House built by a migrant daughter
By Vupenyu Dzingirai and Emelda
Muchadzoka Tagutanazvo
‘It is hard being across the border. You perform things
against your conscience’, remarks Tendai, a single mother who divides time
between Zimbabwe’s Chivi district and South Africa.
These ‘hard’ performances include unlicensed trading
and ‘kuzvitengesa’, the use of one’s body to mobilise money.
Commercial sex, with both foreign and local men, is a key performance that
single mothers do in the plastic shacks in South Africa’s informal settlements.
The settlements are mostly found in Johannesburg and Pretoria, two big cities
in South Africa attracting migrants from the region.
Quite why these women do this is a matter that puzzled
research teams under the Gender and Generation project. Whatever that caused
women to risk discrimination and potential violence from their home community
by choosing to earn money this way, was a very serious matter that required
detailed and policy-oriented ethnography.
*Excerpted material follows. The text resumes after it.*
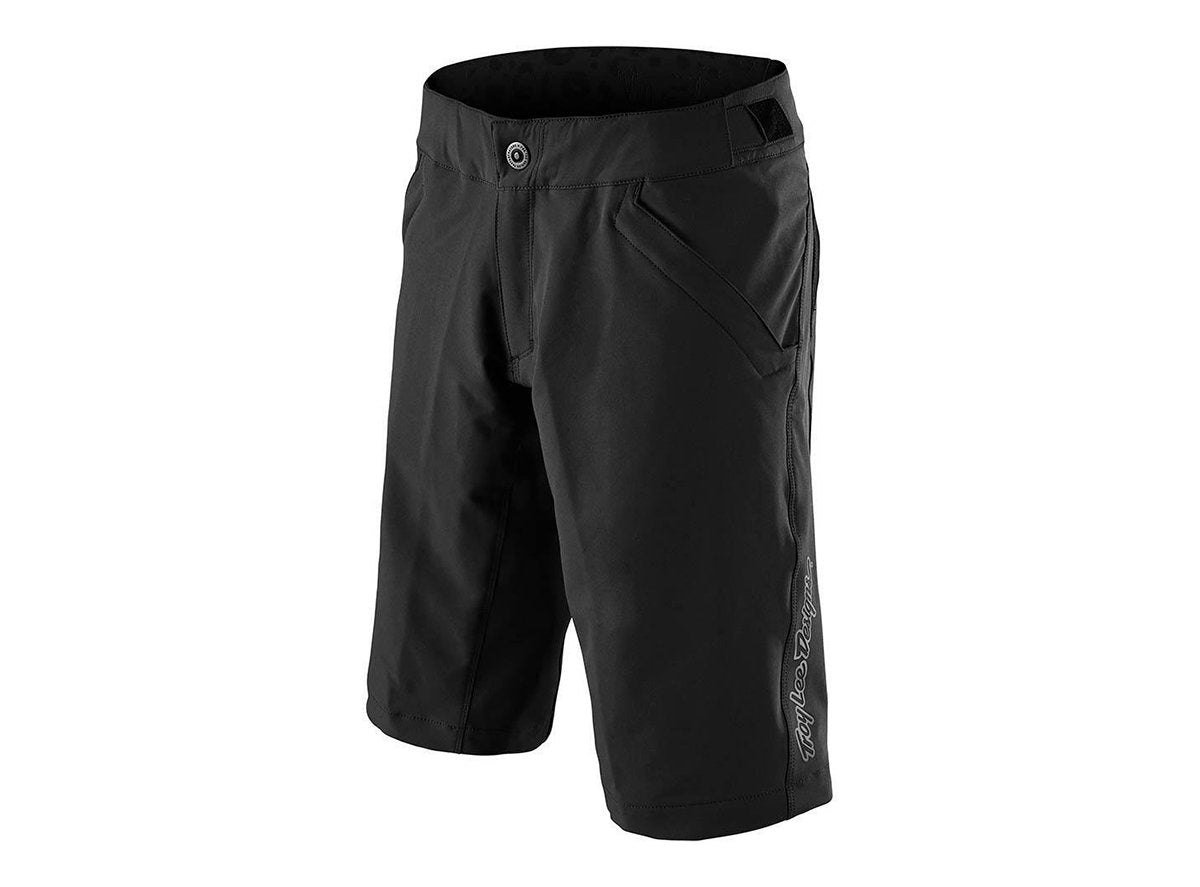 Troy Lee Designs Mischief Short - Shell - Womens - Black Black X-Small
For single and divorced women, the desire to invest in
their family of origin informs this process. Pointing to a big three bedroomed
house she has built, Tendai says, as daughters they ‘want to build houses for
parents’. Her friend has done the same for her parents who are neglected by the
male children that customarily care for them. This reverse investment – where
women target original rather than marital homes - is a widespread phenomenon in
south western Zimbabwe.
This investment achieves two intended outcomes. On the
one hand, it challenges the local myth of daughters as a waste of patrilineal
resources. One daughter reported how her father now recognized her as more
important than male siblings, ‘who neglected them and only invested in own
homes’. Chiefly though, the investment convinces parents to adjust their
patrimonial considerations, accommodating previously neglected daughters whose
property they now enjoy. In Tendai’s case, parents situated her house on the
centre of the stand, while her siblings were located in the periphery of the family
home. These outcomes suggest that, unlike sons who have automatic claims to
patrimony, daughters must earn theirs through investments at home of origin.
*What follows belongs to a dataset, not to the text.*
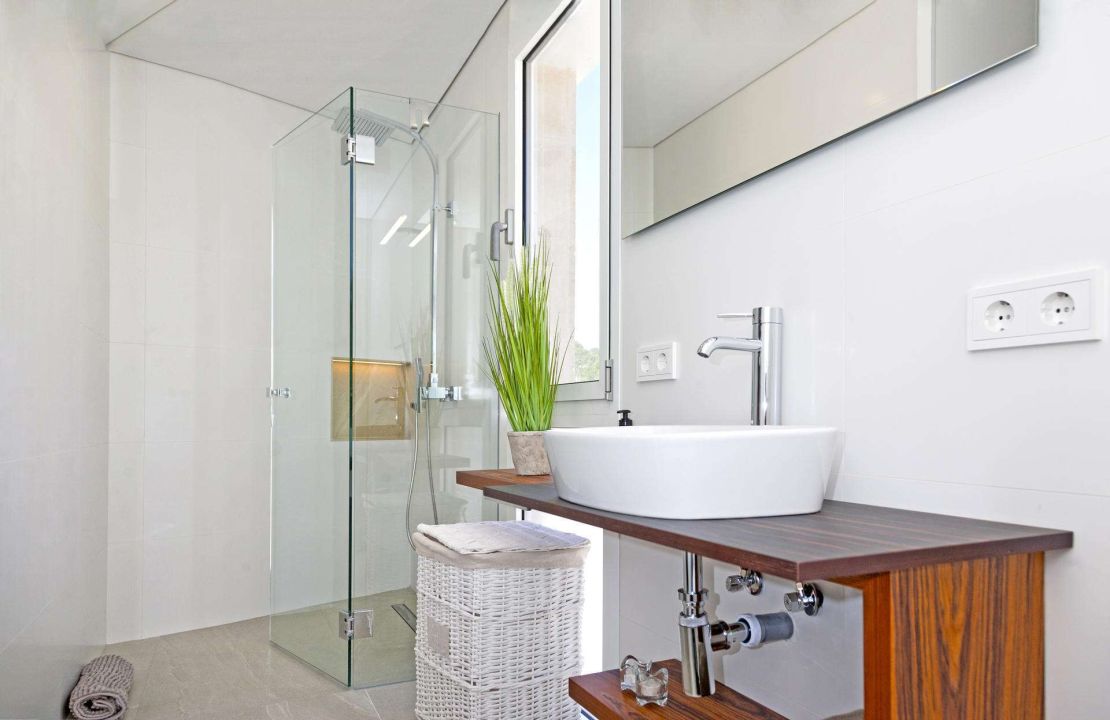 Modern villa in Crestatx, Sa Pobla North Mallorca for sale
Neopatrilineal states, and organizations operating in
them, will of course find women’s travelling to work and sex work immoral,
distasteful and meriting criminalization. The raft of measures suggested and
implemented by these old-fashioned states - border searches and deportation -
addresses their patriarchal concern that women should not engage in sex work.
But the measures have little to do and, in fact, frustrate, the concrete plans
for southern Africa women to achieve recognition and membership in households
and lineages that customarily deny them. Such practices, declares Tendai, will,
‘not end our mobility and our enemies must learn to live with this.’